Du point de vue financier, la bourse indienne est maintenant la cinquième du monde avec un niveau de valorisation qui reflète l’engouement des investisseurs nationaux et internationaux, convaincus des perspectives favorables de croissance du pays. Elément remarquable, la croissance bénéficiaire n’a rien à envier au S&P 500 ces dernières années, les profits des entreprises cotées progressant pratiquement autant que les indices boursiers indiens (Nifty 50 et Sensex). Le ratio capitalisation boursière sur PIB indien est aujourd’hui de l’ordre de 1.2 tandis que le ratio cours sur bénéfices attendus pour les 12 prochains mois s’élève à 20 fois contre 17,5 fois en moyenne ces douze dernières années. Un marché donc un peu cher à court terme mais qui devrait conserver toute l’attention des investisseurs pour le prochain cycle.

Marchés

Les principaux indices boursiers sont en baisse au cours du mois suite à des prises de bénéfices sur des niveaux élevés, à la publication de chiffres d’inflation plutôt mauvais aux Etats-Unis et à la remontée des taux longs. Les indices chinois, qui viennent de loin, ont quant à eux poursuivi un rebond débuté fin janvier dernier. Le dollar a retrouvé une certaine vigueur dans cet environnement. Le niveau de volatilité augmente sensiblement illustrant parfaitement les doutes sur l’évolution des politiques monétaires de ces prochains mois.
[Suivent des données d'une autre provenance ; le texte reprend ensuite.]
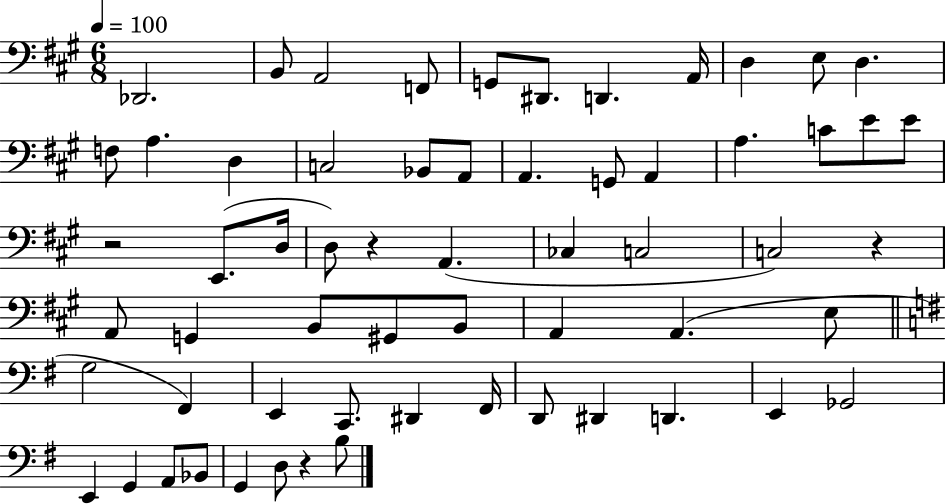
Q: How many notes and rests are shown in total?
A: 61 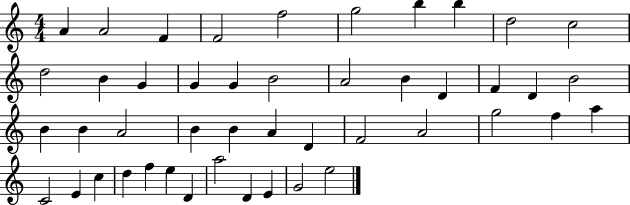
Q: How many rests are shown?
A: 0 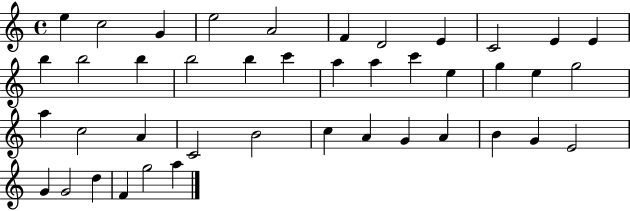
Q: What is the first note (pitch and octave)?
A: E5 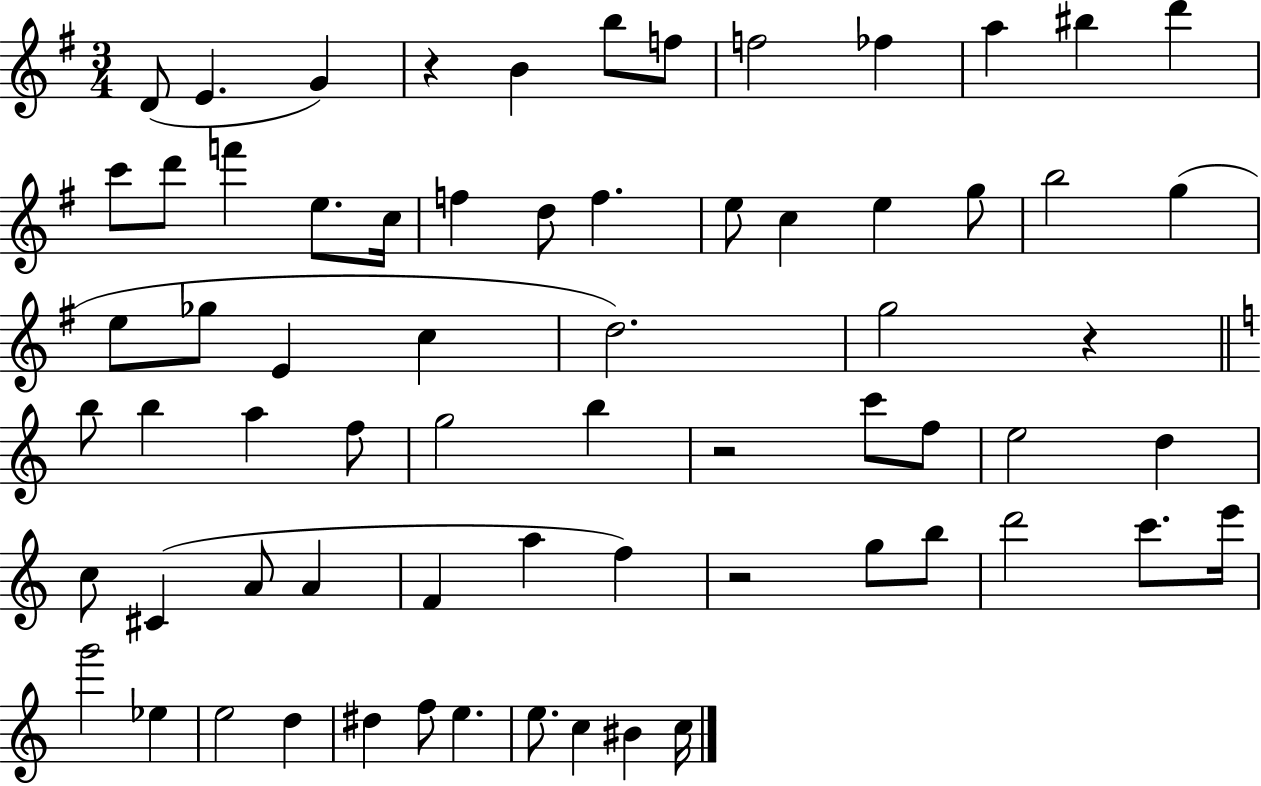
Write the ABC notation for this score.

X:1
T:Untitled
M:3/4
L:1/4
K:G
D/2 E G z B b/2 f/2 f2 _f a ^b d' c'/2 d'/2 f' e/2 c/4 f d/2 f e/2 c e g/2 b2 g e/2 _g/2 E c d2 g2 z b/2 b a f/2 g2 b z2 c'/2 f/2 e2 d c/2 ^C A/2 A F a f z2 g/2 b/2 d'2 c'/2 e'/4 g'2 _e e2 d ^d f/2 e e/2 c ^B c/4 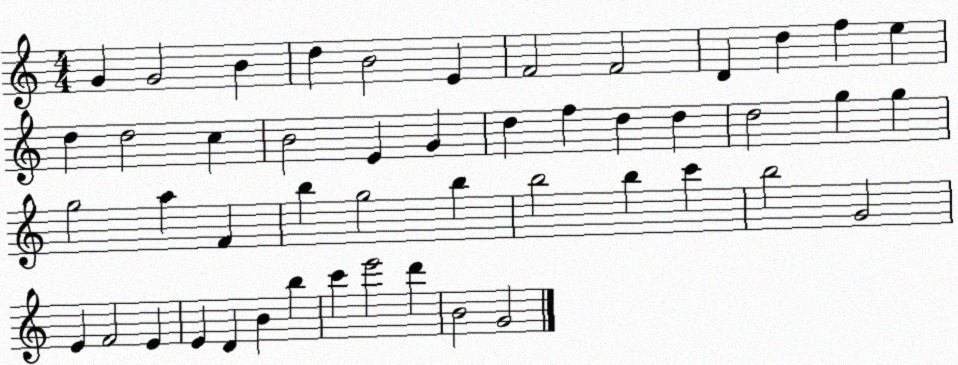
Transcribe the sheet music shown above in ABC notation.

X:1
T:Untitled
M:4/4
L:1/4
K:C
G G2 B d B2 E F2 F2 D d f e d d2 c B2 E G d f d d d2 g g g2 a F b g2 b b2 b c' b2 G2 E F2 E E D B b c' e'2 d' B2 G2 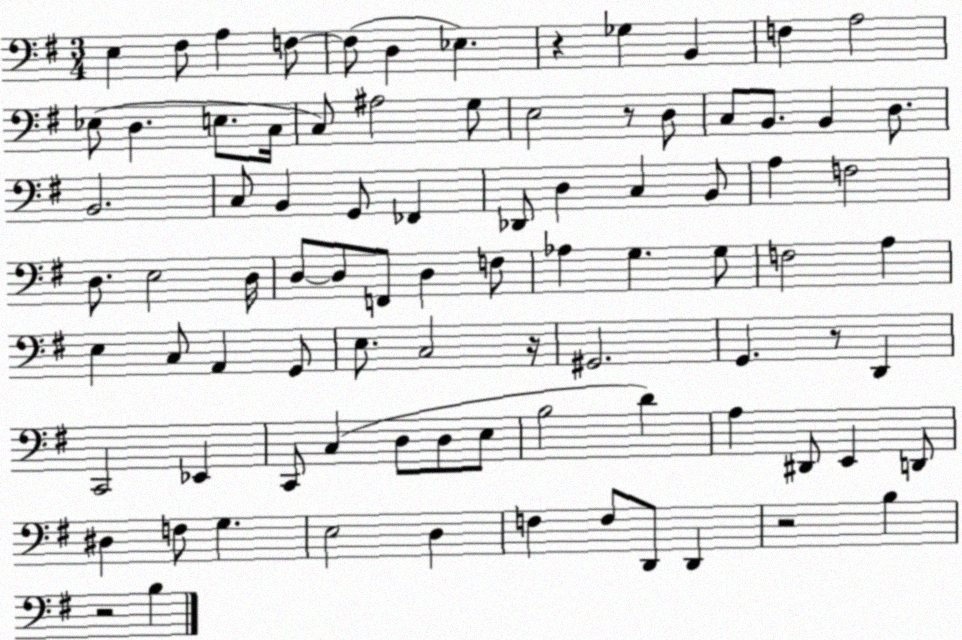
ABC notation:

X:1
T:Untitled
M:3/4
L:1/4
K:G
E, ^F,/2 A, F,/2 F,/2 D, _E, z _G, B,, F, A,2 _E,/2 D, E,/2 C,/4 C,/2 ^A,2 G,/2 E,2 z/2 D,/2 C,/2 B,,/2 B,, D,/2 B,,2 C,/2 B,, G,,/2 _F,, _D,,/2 D, C, B,,/2 A, F,2 D,/2 E,2 D,/4 D,/2 D,/2 F,,/2 D, F,/2 _A, G, G,/2 F,2 A, E, C,/2 A,, G,,/2 E,/2 C,2 z/4 ^G,,2 G,, z/2 D,, C,,2 _E,, C,,/2 C, D,/2 D,/2 E,/2 B,2 D A, ^D,,/2 E,, D,,/2 ^D, F,/2 G, E,2 D, F, F,/2 D,,/2 D,, z2 B, z2 B,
Les investisseurs sont maintenant devenus assez pessimistes sur l’évolution des taux directeurs aux Etats-Unis, passant de six baisses anticipées, pour l’ensemble de l’année 2024, le premier janvier dernier à une seule aujourd’hui. L’excès d’optimisme il y a quelques mois a donc été largement corrigé, trop peut-être. La probabilité d’une récession outre-Atlantique a encore diminué (20% de probabilité) tandis que le scénario d’une persistance de l’inflation progresse un peu (20% de probabilité). C’est bien sûr cette dernière hypothèse qui inquiète en ce moment les investisseurs. Il est vrai que les politiques protectionnistes, les risques de guerres commerciales, les investissements pour la transition énergétique et la remontée des budgets alloués à la défense sont tous des éléments inflationnistes. A contrario, une amélioration de la productivité et une détente sur le marché du travail (via notamment l’émigration et la progression des taux de participation) seront des éléments stabilisants de l’évolution du niveau général des prix.

Sources principales : Banque de France, Federal Reserve, CGPCONSEILS, FMI, OCDE, BIS, BEA, BCE, BOJ, BOC, Bloomberg, Reuter, Facset, Financial Times, Agence Internationale de l’Energie, OMC, INSEE, Euler Hermès, Coface, MIT, ISTAT.